Provided data Start Marker
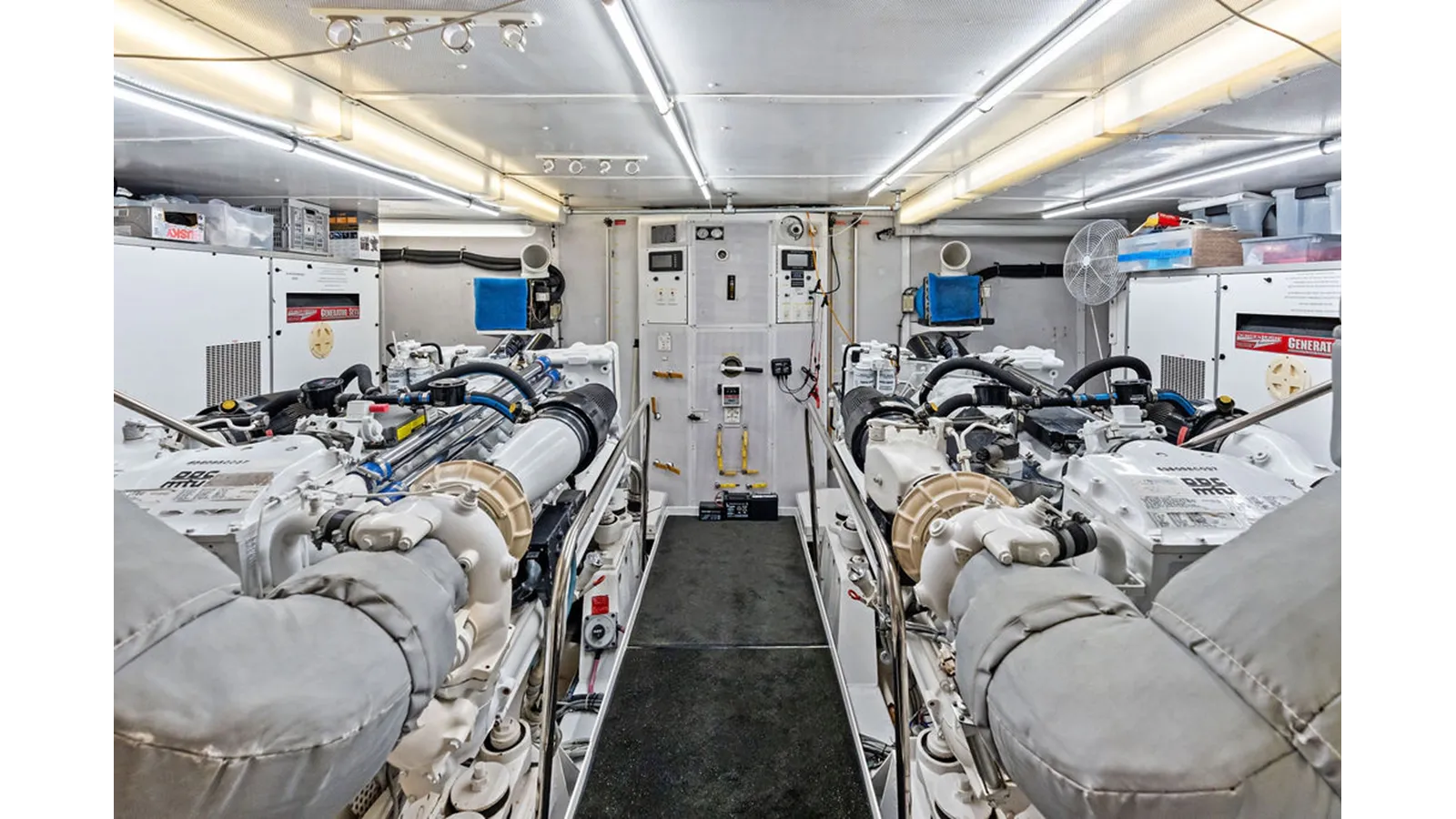 CHECKERED PAST yacht sale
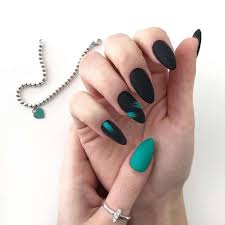 Puede recrear este aspecto o tener todas las uñas claras y negras. 44 Unas Modernas Para Que Luzcas Super Guapa Te Encantaran Fake Nails Perfect Nails Manicure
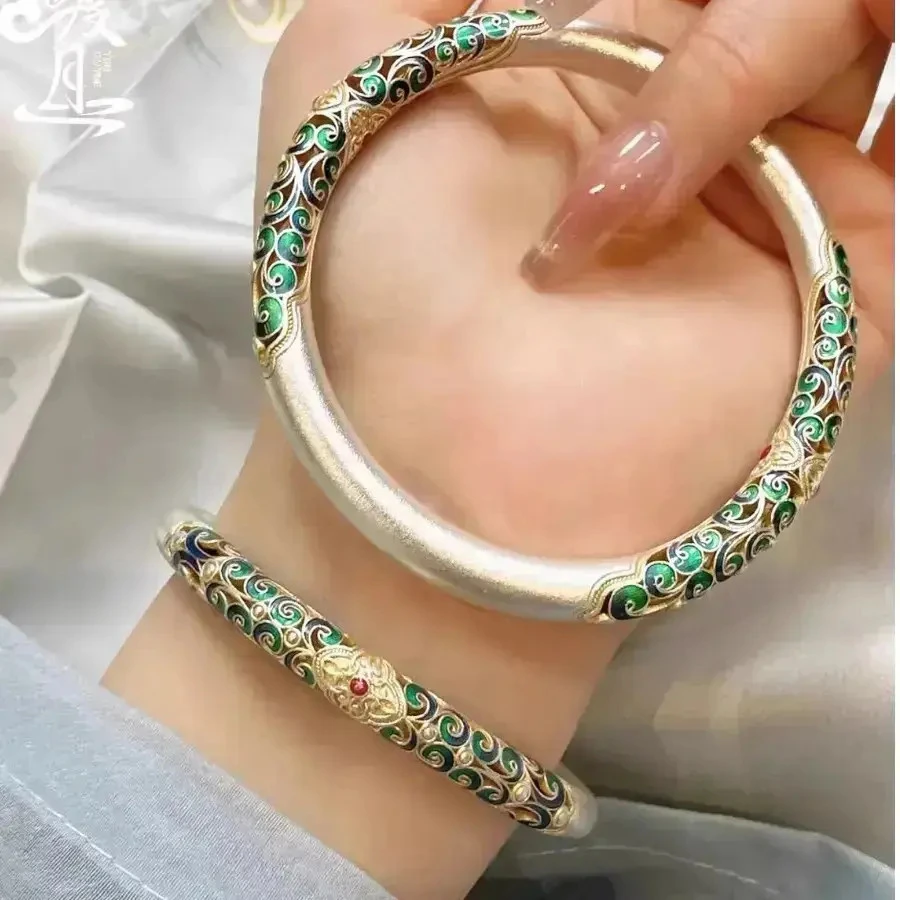 999.9银古法卷草纹闭口镯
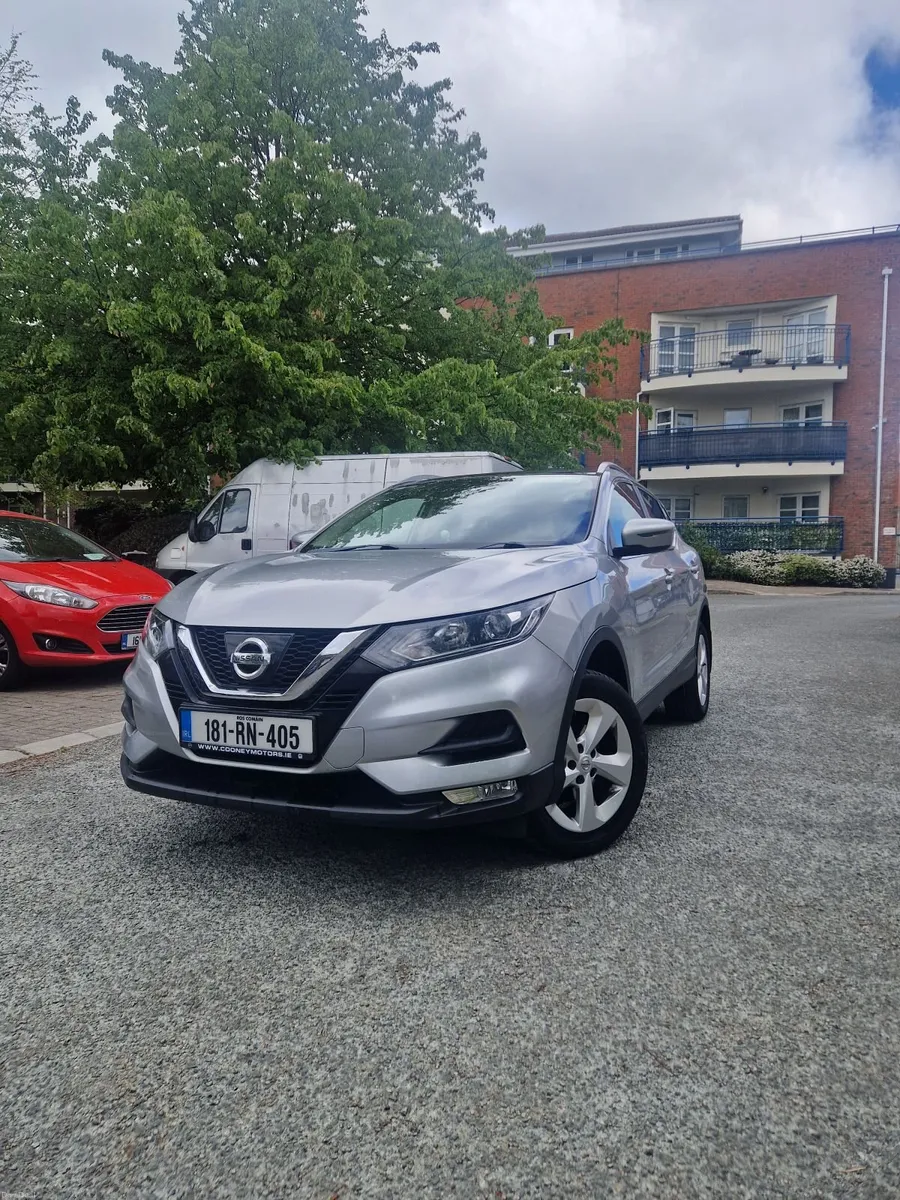 NISSAN QASHQAI 1.5 SV 18 4DR w sun roof - Image 1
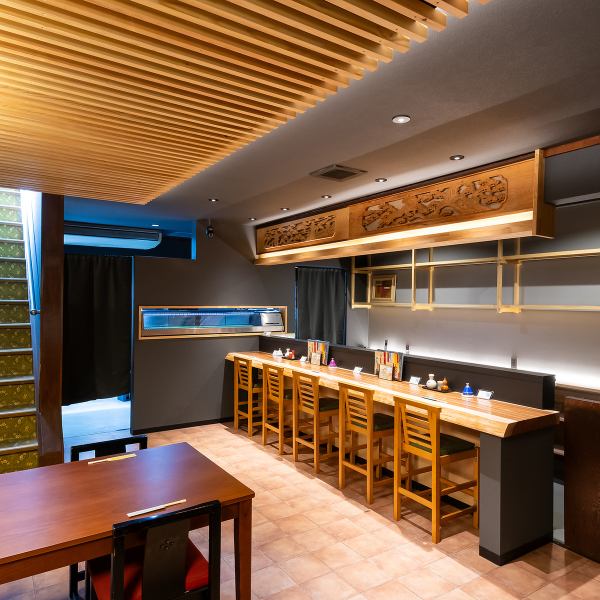 木目調の温かみのある店内で、料理を堪能頂けます。落ち着いた雰囲気の中で、こだわりの料理を心ゆくまで楽しむことができます。木のぬくもりを感じながら、ほっとするひとときをお過ごしください。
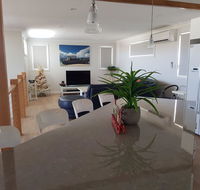Cozzys Condo Luxury Beach House - Accommodation 4U
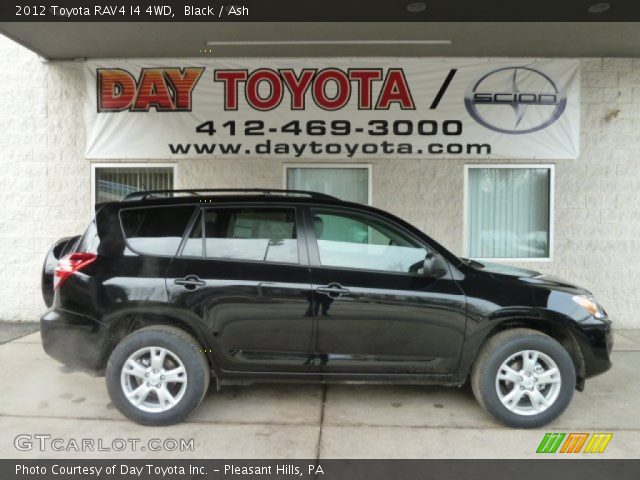 2012 Toyota RAV4 I4 4WD in Black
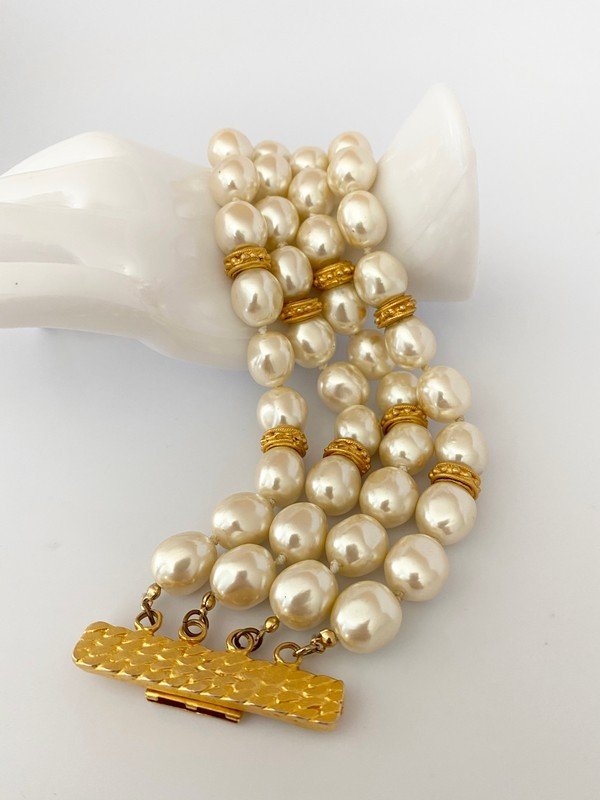 VINTAGE SIGNED VAN WYK BIJOUX FAUX PEARL BRACELET (1 of 3)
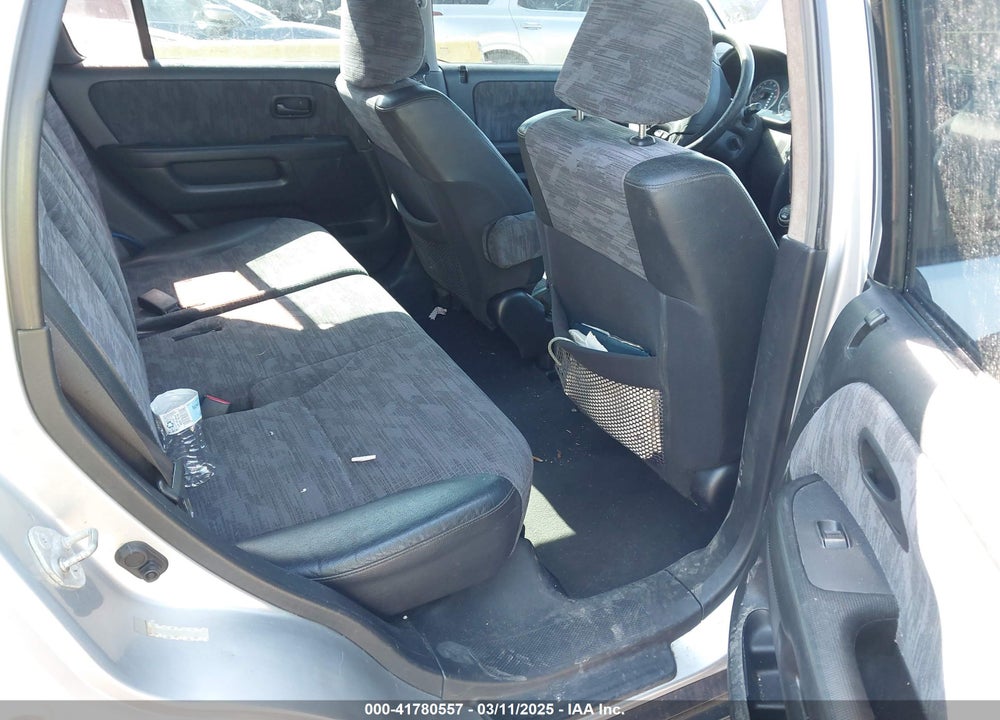 2003 HONDA CR-V VIN: SHSRD68493U102661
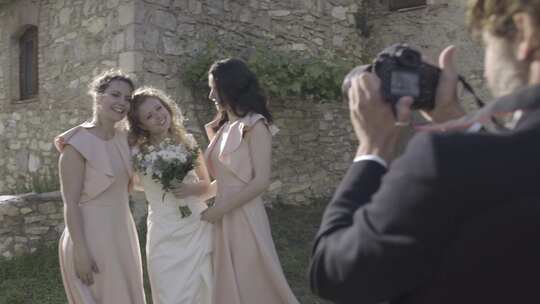 摄影师拍摄新娘和伴娘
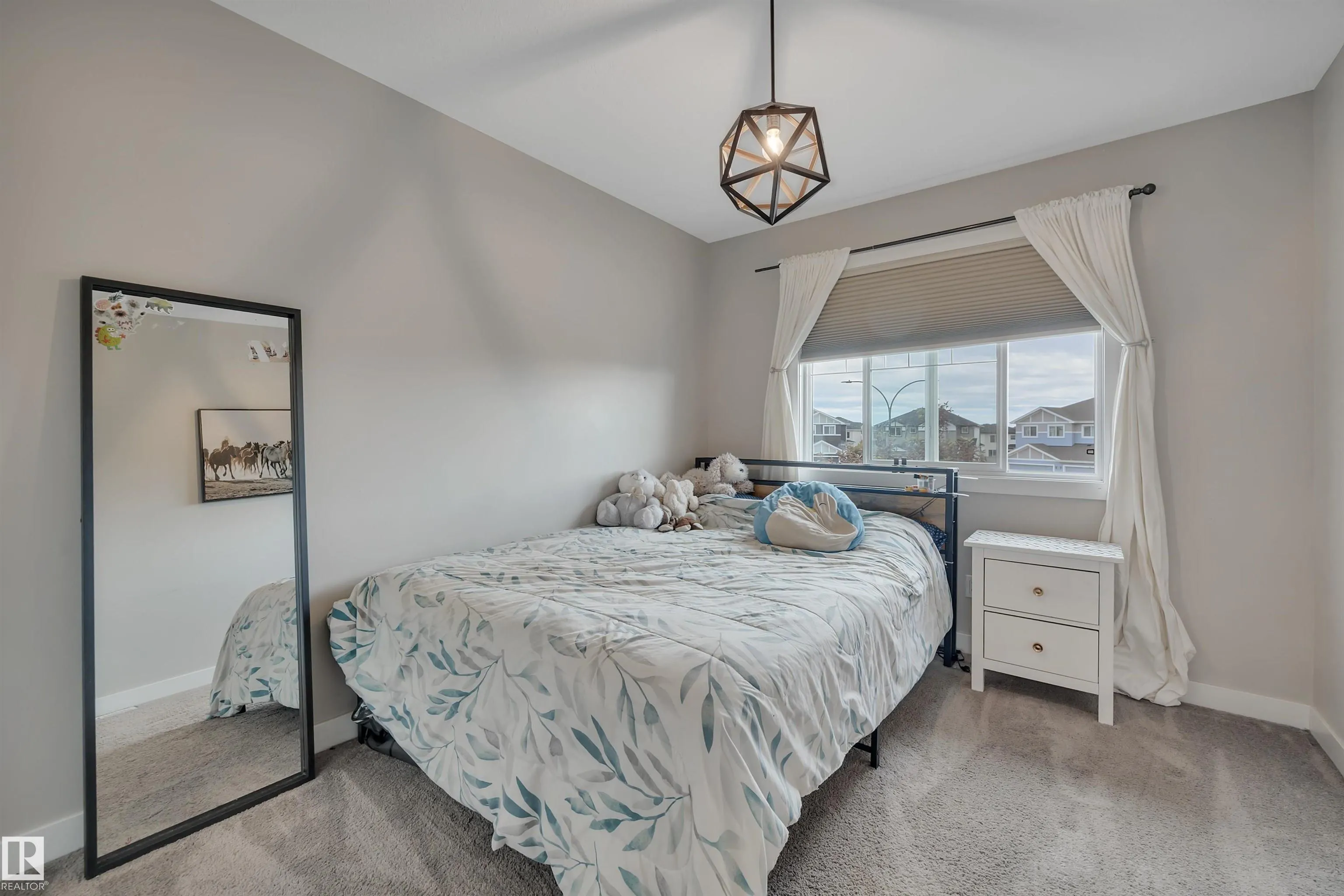14 ROLSTON Close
Provided data End Marker
* _What you should do_
Find the line that contains "木目調の温かみのある店内で、" and repeat it, along with every line after it to the end of the data, exactly; drop the pictures.

* _Result of this exercise_
 木目調の温かみのある店内で、料理を堪能頂けます。落ち着いた雰囲気の中で、こだわりの料理を心ゆくまで楽しむことができます。木のぬくもりを感じながら、ほっとするひとときをお過ごしください。
Cozzys Condo Luxury Beach House - Accommodation 4U
 2012 Toyota RAV4 I4 4WD in Black
 VINTAGE SIGNED VAN WYK BIJOUX FAUX PEARL BRACELET (1 of 3)
 2003 HONDA CR-V VIN: SHSRD68493U102661
 摄影师拍摄新娘和伴娘
14 ROLSTON Close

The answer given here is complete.